▸ Crawled caption data
____
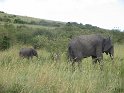 IMG_0204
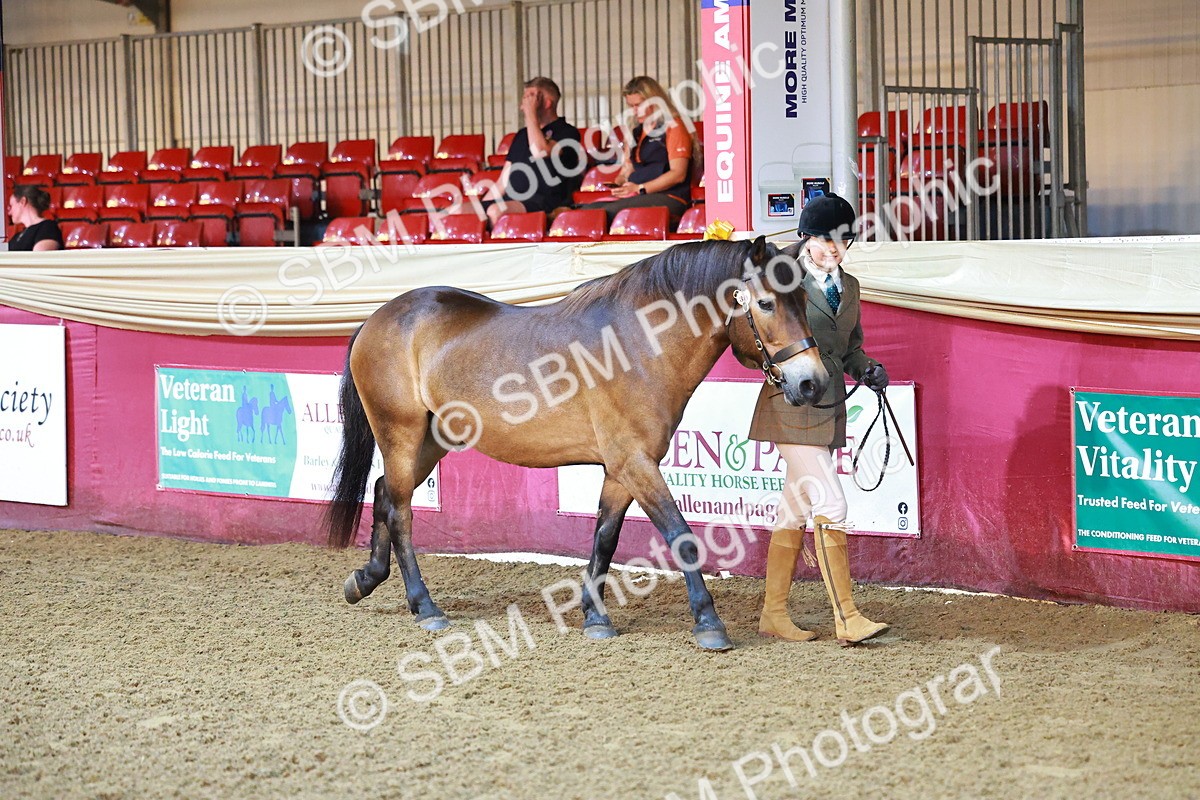 SBM_14674 - Class C - Novelty champ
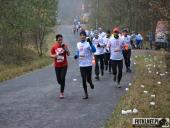 2016.11.11 - IV WOLSZTYŃSKI BIEG NIEPODLEGŁOŚCI CZ.2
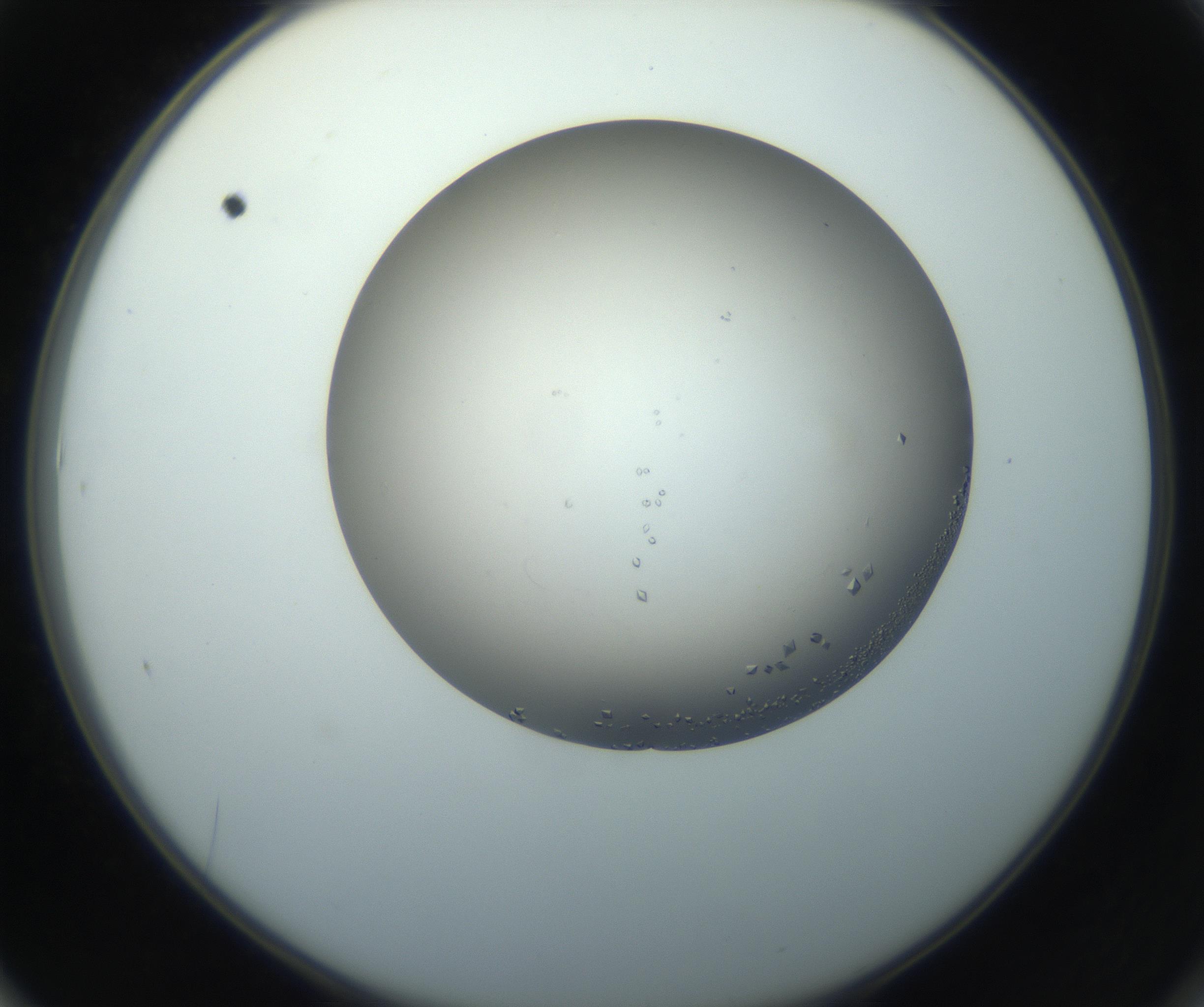 RI01_03_000_0212_Proj1_Clon1_MC_0000MC102862_002_161007_01_06_02_00_99_002_001_RAI.jpg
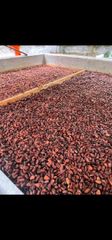 Grade A cocoa beans – product photo 4, product detail gallery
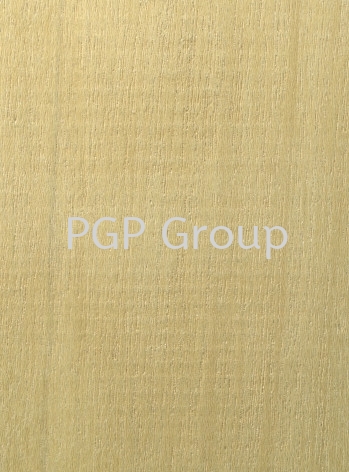 Mersawa TIMBER SPECIES Malaysia, Terengganu Supplier, Exporter, Supply, Supplies | Kilang Papan PGP Sdn Bhd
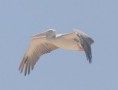 /album/photogallery/pink-backed-pelican-in-flight-2-jpg/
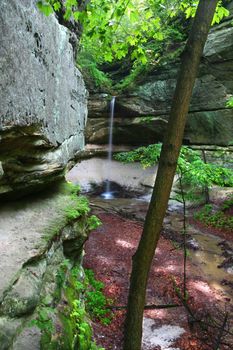 Springtime scene at Owl Canyon of Starved Rock State Park in Illinois.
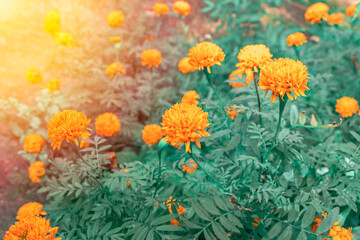 Obraz na płótnie Canvas Marigold flowers in the meadow.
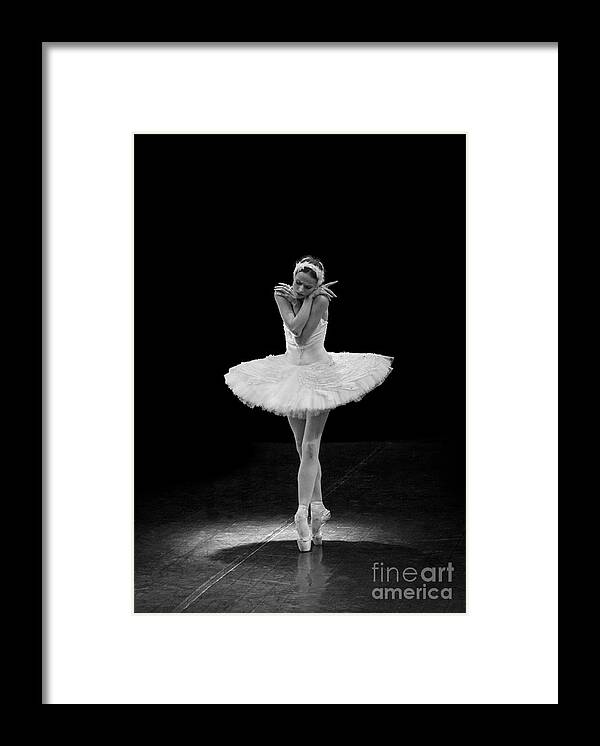 Clare Bambers Framed Print featuring the photograph Dying Swan 5. by Clare Bambers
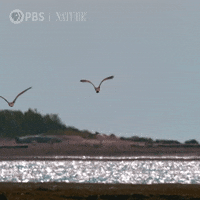 Flying Pbs Nature GIF by Nature on PBS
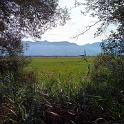 IMG 20130922 121119 1
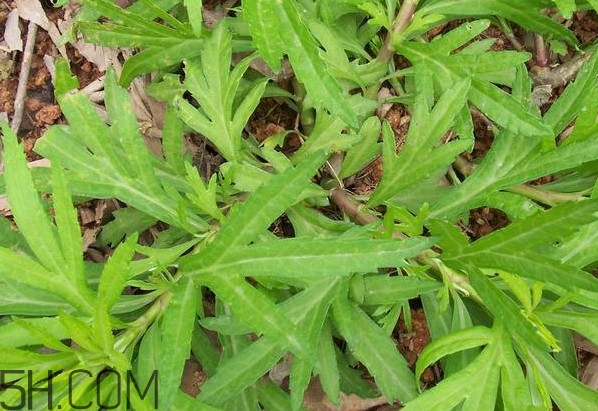 擇藜蒿手臟怎么洗？藜蒿和水芹菜的區(qū)別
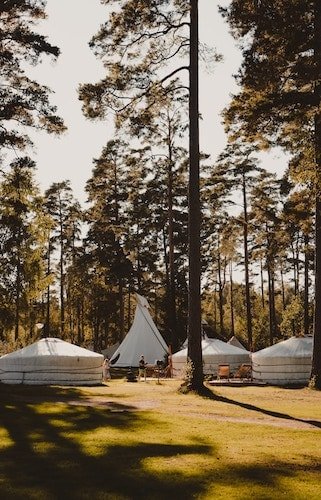 Variety of glamping accommodations in a forest setting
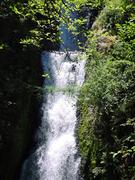 dsc01041.jpg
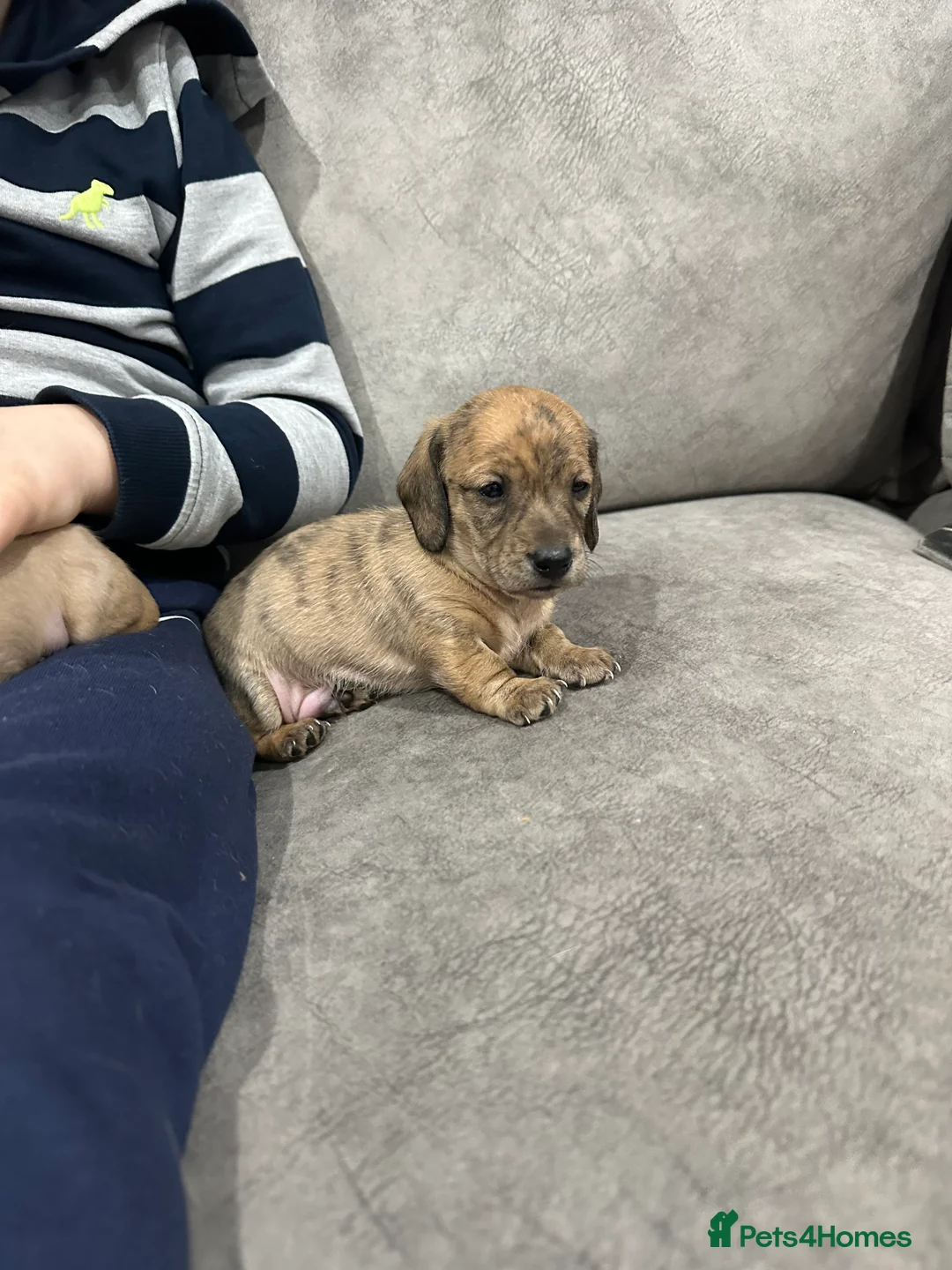 Miniature Dachshund dogs for sale: Miniatures dachshunds - Advert 11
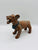 Jaguar Zapoteca parado con collar color naranja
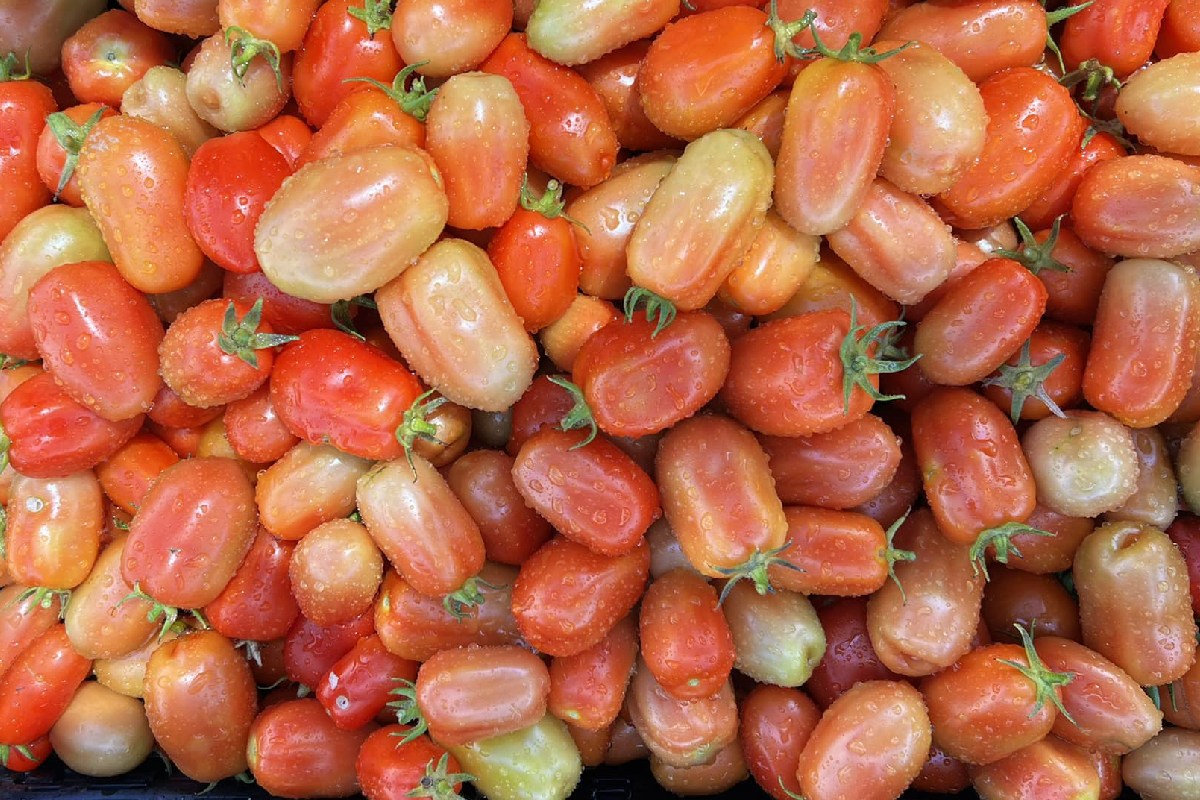 Growing tomatoes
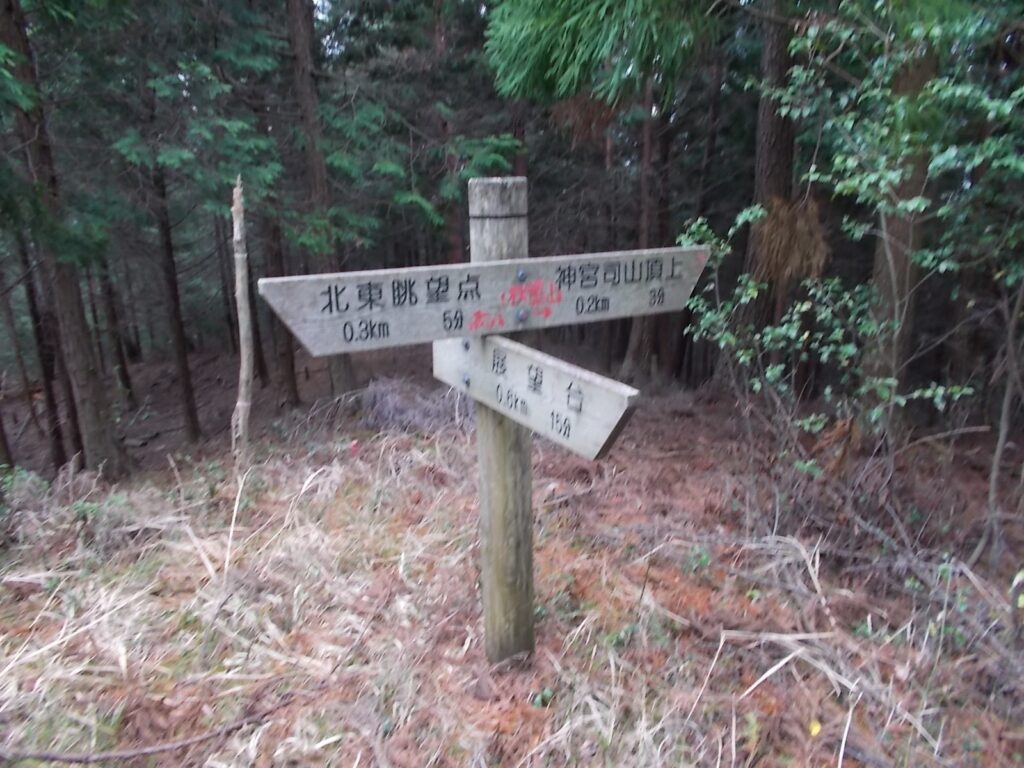 10：56　山頂手前分岐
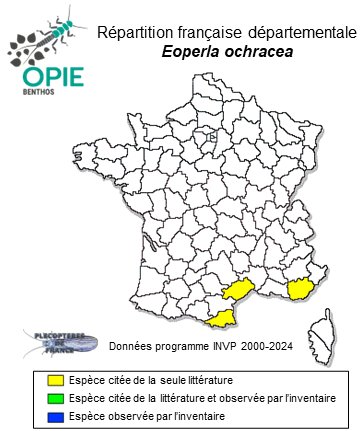 Carte de distribution de Eoperla ochracea (Kolbe, 1885)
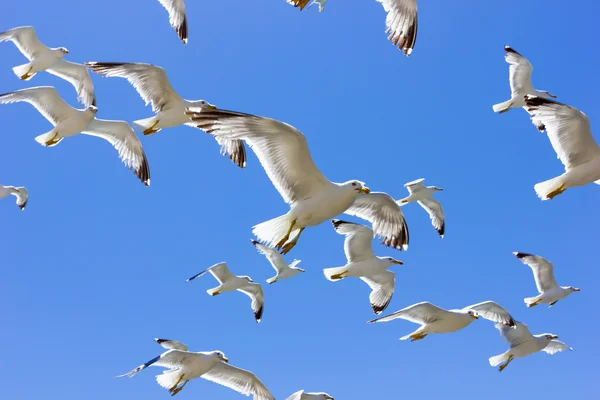 Enxame de gaivotas voadoras — Fotografia de Stock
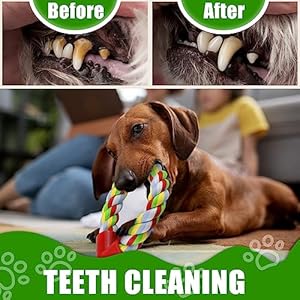 Dog-Rope-Toys-for-Aggressive-Chewers-Tough-Dog-Chew-Toys-for-Medium-Large-Dog-Breeds-Dog-Grinding-Teeth-Chew-Toys-Interactive-Cotton-Tug-of-War-Dog-Toy-Light-Color - Cucciolini Doodles Dog-Rope-Toys-for-Aggressive-Chewers-Tough-Dog-Chew-Toys-for-Medium-Large-Dog-Breeds-Dog-Grinding-Teeth-Chew-Toys-Interactive-Cotton-Tug-of-War-Dog-Toy-Light-Color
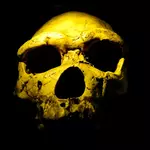 Scientists found Homo erectus 200,000 years earlier than expected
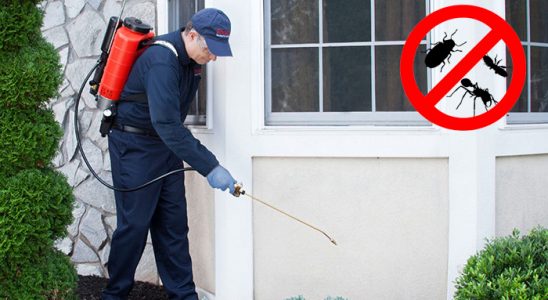 Karamanlı Hamam Böceği İlaçlama böcek ilaçlama ve haşere kontrolü — ilaclama-tr.com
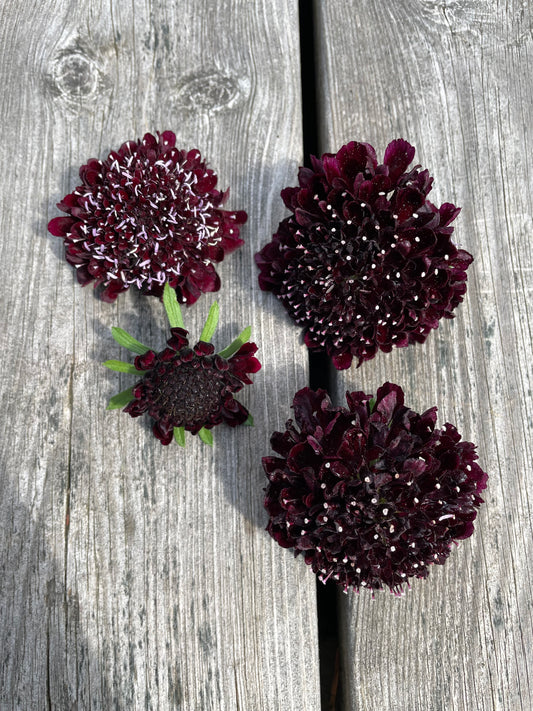 Praktvädd ”Purple black”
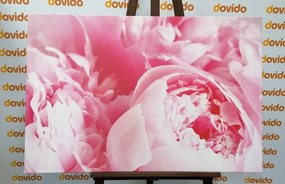 Stampa su tela – Petali di fiore
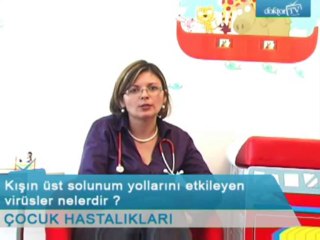 Kışın üst solunum yollarını etkileyen virüsler nelerdir ?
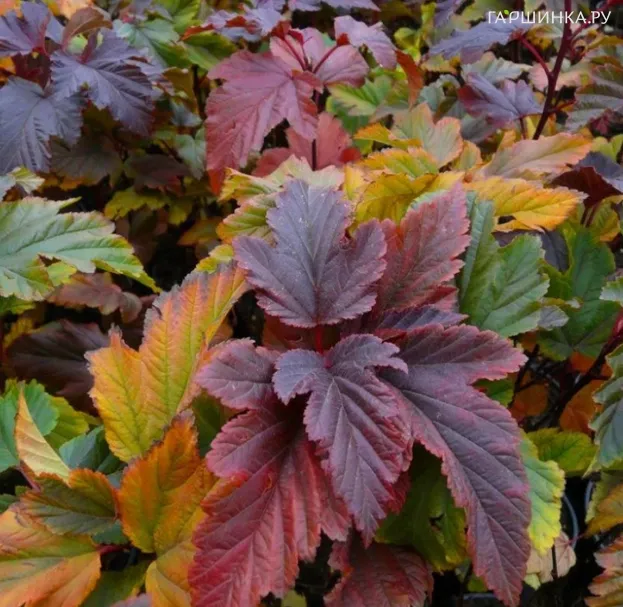 Пузыреплодник Ждеховице
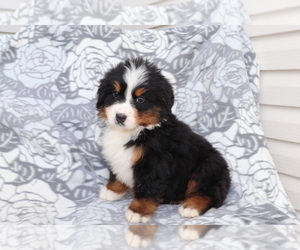 Bernese Mountain Dog Puppy for sale in SHILOH, OH, USA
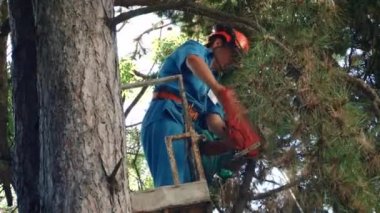 Sochi, Kafkasya, Rusya Federasyonu, Karadeniz subtropikal Botanik Bahçesi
____
▸ Task instructions
Your reply should restate the data above word for word and contain no pictures.

▸ Solved exercise
 IMG_0204
 SBM_14674 - Class C - Novelty champ
 2016.11.11 - IV WOLSZTYŃSKI BIEG NIEPODLEGŁOŚCI CZ.2
 RI01_03_000_0212_Proj1_Clon1_MC_0000MC102862_002_161007_01_06_02_00_99_002_001_RAI.jpg
 Grade A cocoa beans – product photo 4, product detail gallery
 Mersawa TIMBER SPECIES Malaysia, Terengganu Supplier, Exporter, Supply, Supplies | Kilang Papan PGP Sdn Bhd
 /album/photogallery/pink-backed-pelican-in-flight-2-jpg/
 Springtime scene at Owl Canyon of Starved Rock State Park in Illinois.
 Obraz na płótnie Canvas Marigold flowers in the meadow.
 Clare Bambers Framed Print featuring the photograph Dying Swan 5. by Clare Bambers
 Flying Pbs Nature GIF by Nature on PBS
 IMG 20130922 121119 1
 擇藜蒿手臟怎么洗？藜蒿和水芹菜的區(qū)別
 Variety of glamping accommodations in a forest setting
 dsc01041.jpg
 Miniature Dachshund dogs for sale: Miniatures dachshunds - Advert 11
 Jaguar Zapoteca parado con collar color naranja
 Growing tomatoes
 10：56　山頂手前分岐
 Carte de distribution de Eoperla ochracea (Kolbe, 1885)
 Enxame de gaivotas voadoras — Fotografia de Stock
 Dog-Rope-Toys-for-Aggressive-Chewers-Tough-Dog-Chew-Toys-for-Medium-Large-Dog-Breeds-Dog-Grinding-Teeth-Chew-Toys-Interactive-Cotton-Tug-of-War-Dog-Toy-Light-Color - Cucciolini Doodles Dog-Rope-Toys-for-Aggressive-Chewers-Tough-Dog-Chew-Toys-for-Medium-Large-Dog-Breeds-Dog-Grinding-Teeth-Chew-Toys-Interactive-Cotton-Tug-of-War-Dog-Toy-Light-Color
 Scientists found Homo erectus 200,000 years earlier than expected
 Karamanlı Hamam Böceği İlaçlama böcek ilaçlama ve haşere kontrolü — ilaclama-tr.com
 Praktvädd ”Purple black”
 Stampa su tela – Petali di fiore
 Kışın üst solunum yollarını etkileyen virüsler nelerdir ?
 Пузыреплодник Ждеховице
 Bernese Mountain Dog Puppy for sale in SHILOH, OH, USA
 Sochi, Kafkasya, Rusya Federasyonu, Karadeniz subtropikal Botanik Bahçesi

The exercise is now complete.